In my opinion, that same rule applies to every other subreddit in the whole of reddit.com, not just the single one regarding conspiracies. . . wouldn't you agree?
I actually have no idea. Are the people who post at r/exmormon all folks who were exemormon before they started reading and posting there, or do some believing Mormons start posting there and at some point decide to become ex-mormons. I think the study is testing the CT equivalent of the LDS claim that even faithful members risk having their testimonies destroyed by reading anti-mormon literature. Does r/exmormon suck believing Mormons into becoming exmormons? Does r/conspiracy suck people into conspiratorial thinking? According to the study, the answer to the latter question is generally "no."
I did a little reading today on the two examples you mentioned. The Tuskeegee Experiment was exposed by a whistleblower. The evidence of a conspiracy was developed the old fashioned way: documentary research, interviews, and FOIA requests. I couldn't find anything to indicate that conspiracy theorists were involved.
Project Paperclip was exposed by journalists. It sort of illustrates the difference between anomaly hunting and plain old factual investigation. An anomaly hunter would notice that there sure were lots of German scientists around and jump directly to the conclusion that the cause was a conspiracy. Who knows whether they would have picked the actual conspiracy that existed. The actual investigation consisted of research and interviews to find out exactly who these scientists were and how they got to the U.S. So, lots of good old fashioned legwork and, again, lots of FOIA requests.
In both cases, there is actual evidence of an agreement to carry out a plan and the steps that were taken to carry out the plan. In neither case was the conspiracy presumed from the start based on alleged factual anomalies.
A good contrast is the faked moon landing CT. There, you don't have government documents of a conspiracy within NASA. You don't have a camera man or sound technician as a witness. It's all alleged anomalies: explain why the flag waves when there is no wind; explain why there are no stars in the sky; explain why the shadows are wrong. There are too many unanswered questions: it must have been fake.

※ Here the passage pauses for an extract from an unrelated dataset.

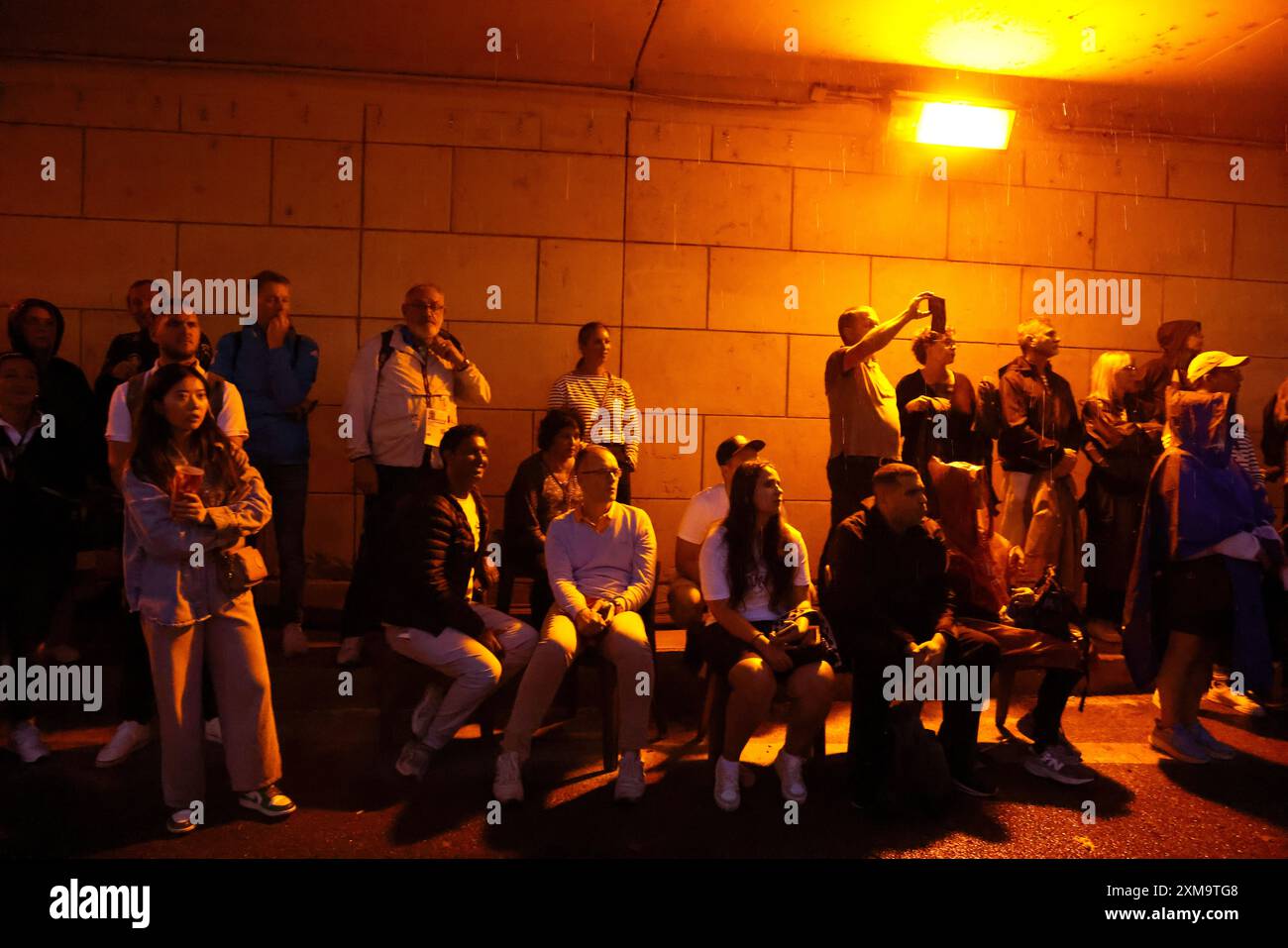 Paris, France. 26 juillet 2024. Cérémonies d'ouverture olympique. Les spectateurs se rassemblent sous le pont du Pont de Arcole pour rester à l'abri de la pluie tandis que les cérémonies d'ouverture des Jeux Olympiques de Paris de 2024 se déroulent sur des écrans de télévision géants installés le long du fleuve. Crédit : Adam Stoltman/Alamy Live News Banque D'Images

If someone's argument for the existence of a conspiracy consists of: Explain this! Oh yeah, well explain this! And explain this and this and this and this and this, you're dealing with CT. Other clues: "this can't be an accident or coincidence." "see all the people that benefitted from this?" "connections" between individuals or events that don't lead to actual evidence of an agreement or plan; anyone who uses the word "sheeple"; connecting dots without actual evidence that the dots have some connection.